Summary of the numbers of loci, size in base pairs (bp), numbers of probes, SNPs, gene models and intergenic regions retained following each filtering step in the variant analysis using the GATK framework
| SNP call set | Number of loci | Target loci | Number of probes | Number of SNPs | Number of gene models | ||
|---|---|---|---|---|---|---|---|
| Total size (bp) | Mean (bp) | Median (bp) | |||||
| STANDARD | 19,627 | 11,913,787 | 607 | 520 | 26,451 | 688,754 | 11,024 |
| GQ20+VQSR | 18,216 | 10,983,469 | 603 | 520 | 24,771 | 352,879 | 10,400 |
| GQ20+VQSR+MM80 | 11,748 | 7,392,636 | 630 | 520 | 16,901 | 83,476 | 7,991 |
See Results for the definitions of the SNP call sets.
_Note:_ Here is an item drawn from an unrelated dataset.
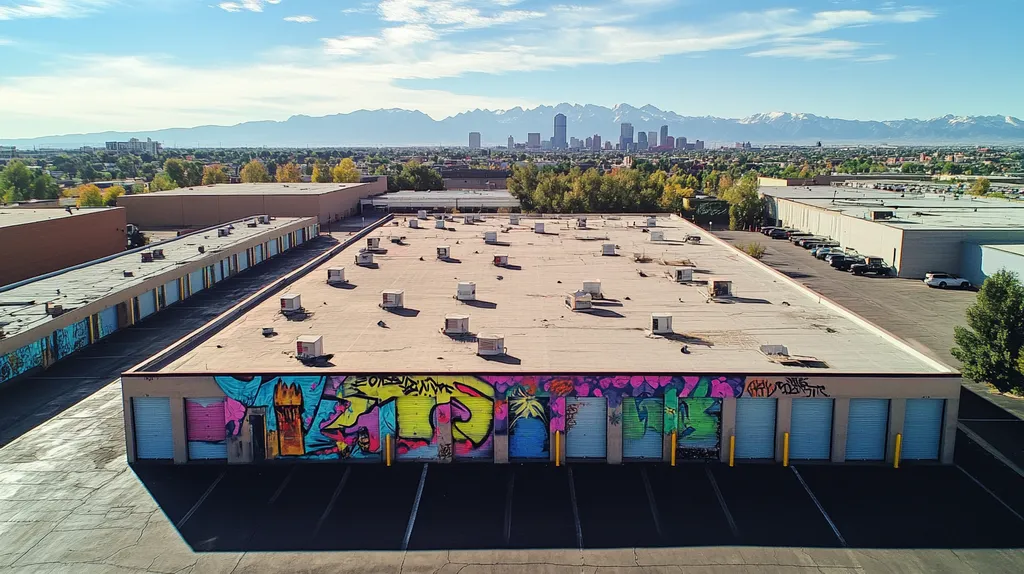 A commercial roof on a storage facility in a location similar to Denver with a graffiti mural aesthetic (AI image)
Performance of the initially designed probe sequences for target enrichment and capture
| Genic region | Intergenic region | Total | |||||||||
|---|---|---|---|---|---|---|---|---|---|---|---|
| Source | Filter | Exon | Exon + flanking | Intron | |||||||
| #of successes | #of failures | #of successes | #of failures | #of successes | #of failures | #of successes | #of failures | #of successes | #of failures | ||
| Probes from transcripts | STANDARD | 3,062 (88%) | 405 (12%) | 16,208 (90%) | 1,870 (10%) | 1,163 (83%) | 230 (17%) | 2,070 (58%) | 1,518 (42%) | 22,503 (85%) | 4,023 (15%) |
| GQ20+VQSR | 2,872 (83%) | 595 (17%) | 15,197 (84%) | 2,881 (16%) | 1,051 (75%) | 342 (25%) | 1,821 (51%) | 1,767 (49%) | 20,941 (79%) | 5,585 (21%) | |
| GQ20+VQSR+MM80 | 2,447 (71%) | 1,020 (29%) | 11,529 (64%) | 6,549 (36%) | 511 (37%) | 882 (63%) | 1,101 (31%) | 2,487 (69%) | 15,588 (59%) | 10,938 (41%) | |
| Probes from low-coverage WGS | STANDARD | 102 (90%) | 11 (10%) | 1,813 (94%) | 106 (6%) | 214 (94%) | 14 (6%) | 1,819 (91%) | 190 (9%) | 3,948 (92%) | 321 (8%) |
| GQ20+VQSR | 102 (90%) | 11 (10%) | 1,799 (94%) | 120 (6%) | 209 (92%) | 19 (8%) | 1,700 (85%) | 309 (15%) | 3,810 (89%) | 459 (11%) | |
| GQ20+VQSR+MM80 | 69 (61%) | 44 (39%) | 966 (50%) | 953 (50%) | 71 (31%) | 157 (69%) | 207 (10%) | 1,802 (90%) | 1,313 (31%) | 2,956 (69%) | |
Capture efficiencies across filtered call sets (see Results for the definitions of the filter criteria) were inspected by counting the number of loci and probe sequences for which at least one quality SNP was detected. A success rate was obtained by dividing the number of successful probes by their totals in the initial design, i.e. 30,795 probe sequences, whether the source of design were mRNA (26,526 probes) or low-coverage WGS (4,269 probes). Conversely, a failure rate was defined as (1 − success rate). The Success/Failure rate was also stratified according the probe location in the genome assembly for predicted gene model features or intergenic region.